The expert group will be chaired by Justice Mr Seán Ryan and consist of the following 13 members:
Dr Peter Boylan, consultant obstetrician and gynaecologist;
Dr Mary Holohan, consultant obstetrician and gynaecologist;
Dr Imelda Ryan, psychiatrist;
Dr Ailish Ni Riain, general practitioner;
Dr Mark Walsh, general practitioner;
Ms Christine O’Rourke, office of the Attorney General;
Ms Mary O’Toole, senior counsel;
Ms Joanelle O’Cleirigh, solicitor;
Ms Denise Kirwin, solicitor;
Dr Deirdre Madden, Medical Council;
Dr Maura Pidgeon, An Bord Altranais;
Dr Tony Holohan, chief medical officer;
Mr Bernard Carey, assistant secretary, Department of Health.
A, B and C v. Ireland
The ECHR — a Strasbourg-based body overseen by the 47-member-state Council of Europe (not to be confused with the smaller, 27-member-state European Union) — considered the case of three Irish women who insisted their human rights were violated because they had to travel to Britain to obtain abortions.
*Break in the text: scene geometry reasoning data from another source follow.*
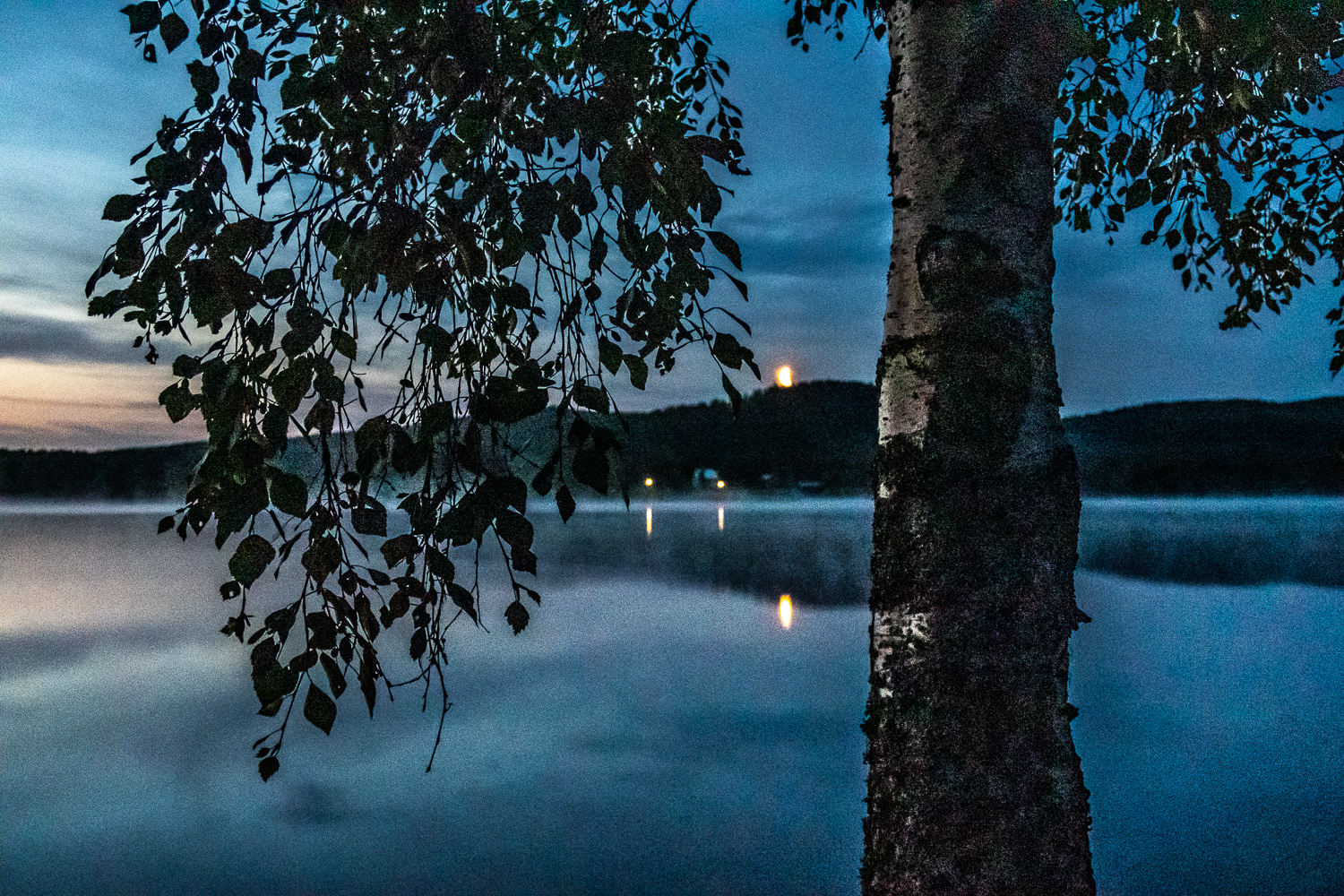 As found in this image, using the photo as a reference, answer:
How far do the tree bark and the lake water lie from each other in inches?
201

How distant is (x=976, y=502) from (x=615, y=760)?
814 cm

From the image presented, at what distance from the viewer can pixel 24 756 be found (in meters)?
10.1

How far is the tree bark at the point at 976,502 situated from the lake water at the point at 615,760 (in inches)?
201

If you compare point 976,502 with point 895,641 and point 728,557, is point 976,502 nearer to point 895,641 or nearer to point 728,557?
point 895,641

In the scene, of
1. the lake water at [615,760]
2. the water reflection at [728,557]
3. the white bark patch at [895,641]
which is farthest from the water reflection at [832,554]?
the white bark patch at [895,641]

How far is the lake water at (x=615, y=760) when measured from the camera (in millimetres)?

‘Miss A’ was a drug addict and alcoholic living in poverty when she became unintentionally pregnant. The ECHR rejected her claim utterly. ‘Miss B’, who claimed she risked an ectopic pregnancy had she carried her pregnancy to term, also had her case rejected by the court, which found that there was not enough medical evidence to support her claim that an ectopic pregnancy was a certainty.
In the case of ‘Miss C’, the woman involved was in remission from a rare form of cancer and feared it may return once she became unintentionally pregnant. However, the woman was unable to find a doctor willing to make a determination as to whether her life would be at risk if she continued her pregnancy to term, making it impossible for her to obtain an abortion in Ireland.
The ECHR unanimously ruled that ‘C’s human rights had been breached, because, while Irish Supreme Court ruled that the country’s Constitution allows for abortion in life-threatening situations, no legal procedures for establishing whether or not a pregnancy is life-threatening exist.